The Year of Balenciaga

Demna Gvasalia and I meet in the metaverse, in a glassed-in conference room in an unnamed city. Though the buildings suggest Singapore by way of the Jetsons.

“This is kind of trippy,” said the avatar otherwise known as the creative director of Balenciaga, upon materializing in the room. “What do I have on? What kind of jacket? I bet it’s not oversized.”

He was wearing a black warm-up jacket and black T-shirt, with a silver chain around his neck, gold hoops in both ears, a black baseball cap and a five o’clock shadow. He looked, in other words, a lot like the real-life designer, who usually wears all black, a baseball cap and hoops — though the hoodie was perhaps not as voluminous as he may have liked, and his skin had the ageless perfection of a cartoon, though he is 40.

My outfit, on the other hand, apparently left something to be desired.

“Did you choose your avatar?” Demna (as he is now officially known; no last name) asked. I allowed that I had, but there were limited clothing options, most of which seemed straight from Talbots or Topshop. “You’re wearing a blue three-button polo,” Demna said. And giggled. Then he waved his arms around in front of his face a few times as if he couldn’t quite believe they were there. “I have to get used to this,” he said.

In reality, Demna was in Paris, in the Balenciaga offices where he spends a week a month. (The rest of the time he is at home outside Zurich, with his husband, Loïck Gomez, their two chihuahuas, Cookie and Chiquita, and his collection of Princess Diana porcelains.) I was in Brooklyn.

And avatar me was interviewing avatar him face to face in cyberspace, only a few hours after the Balenciaga fall 2022 show had been revealed on the brand’s website as a time-traveling wormhole to an imaginary Balenciaga show from the 1990s, shot on VHS tape, like an artifact from an alternative past.

During the pandemic, fashion talked a lot about disruption and changing the system and a fresh start.
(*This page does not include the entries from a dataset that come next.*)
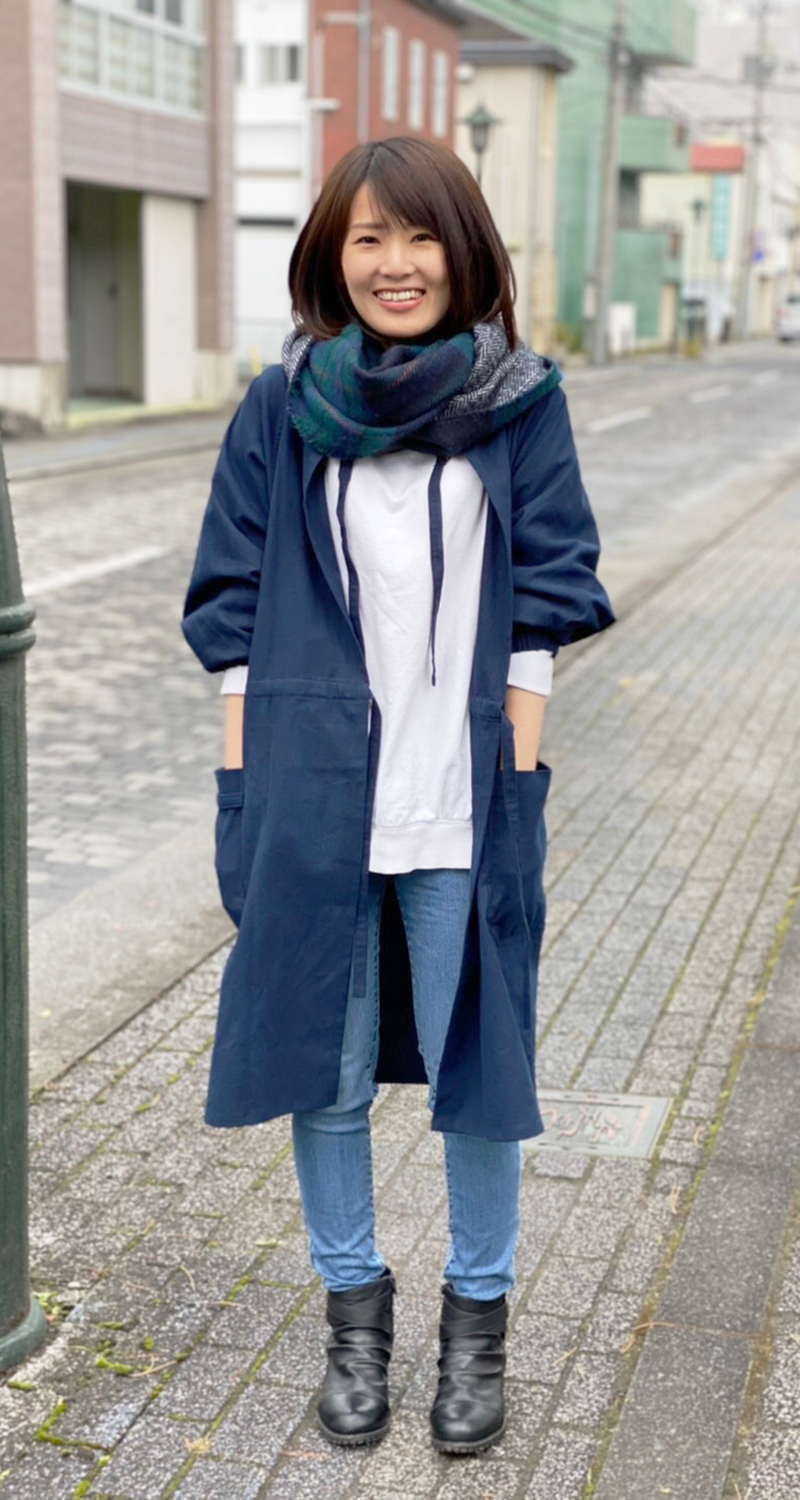 en・nichi(えんにち) 割烹着 コーディネート
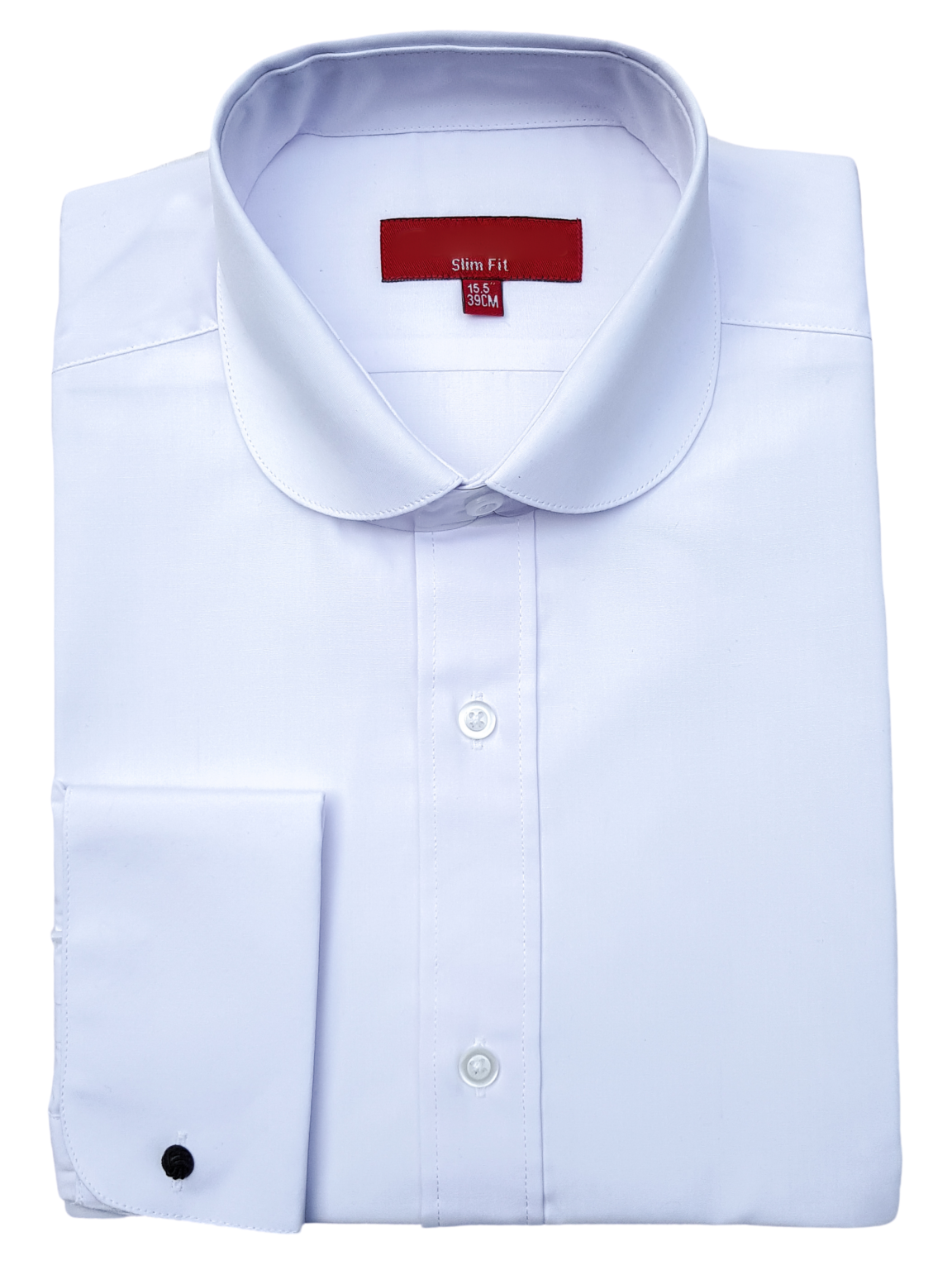 Colin Ross Men's White Penny Round Collar Double Cuff Dress Shirt - Perfect for Business, Office & Formal Occasions
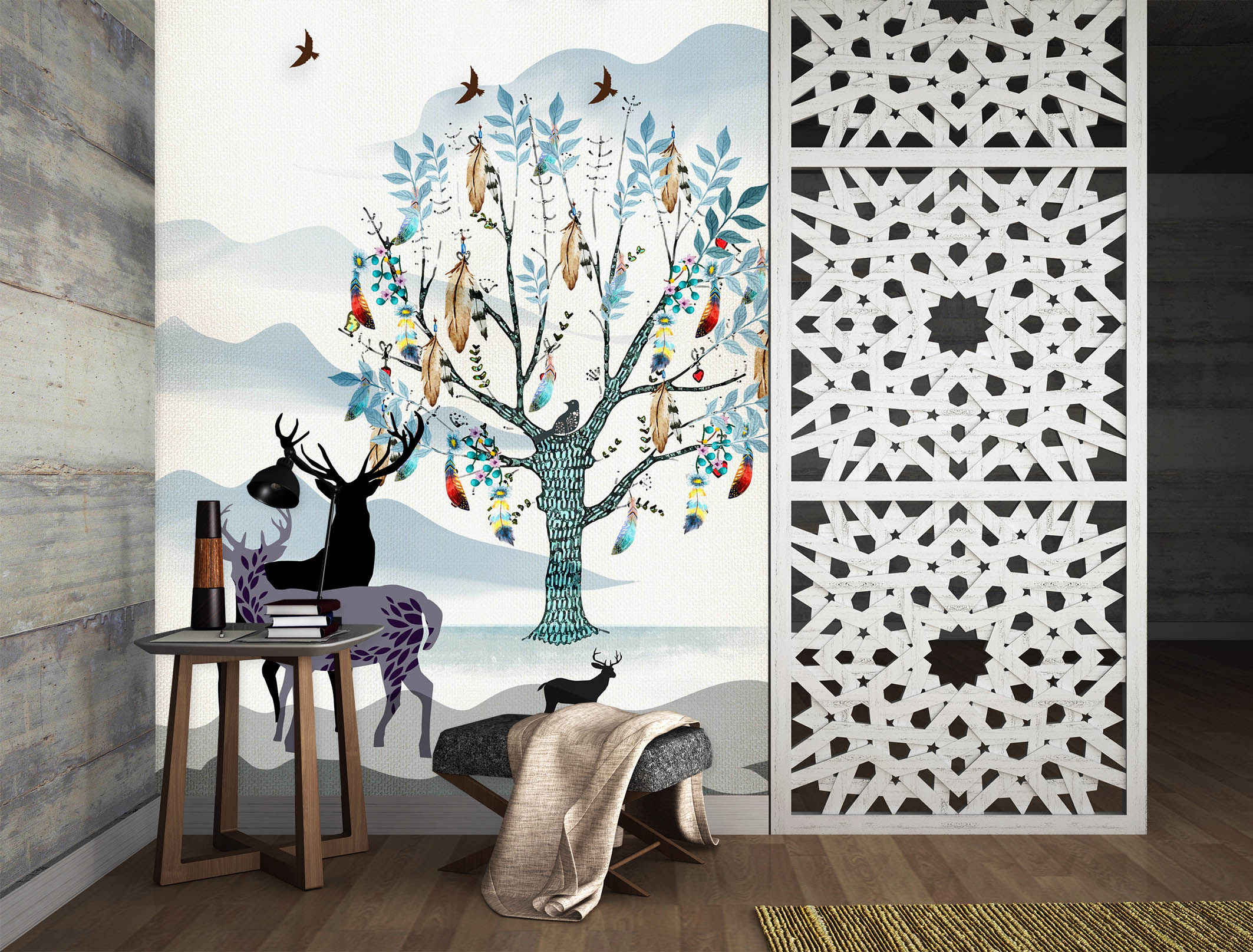 3D Forest Deer 052 Wall Murals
But few designers actually embraced the opportunity for creative destruction and reinvention quite like Demna.

In the last year, just after creating a VR show experience as well as a game, “Afterworld: The Age of Tomorrow,” Demna made a Balenciaga collection for Fortnite, the epic video game; dedicated a runway show to the notion of clones wherein one model wore every outfit, some of which “hacked” into sister brand Gucci (after Gucci had “hacked” into Balenciaga) by “stealing” (albeit with permission) its most recognizable designs and reinterpreting them; pulled a fast one on guests by turning a faux red carpet into a fashion show; and unveiled a Simpsons x Balenciaga cartoon about the transformative power of fashion as demonstrated by its effects on the people of Springfield, who generally could not care less about a French couture house.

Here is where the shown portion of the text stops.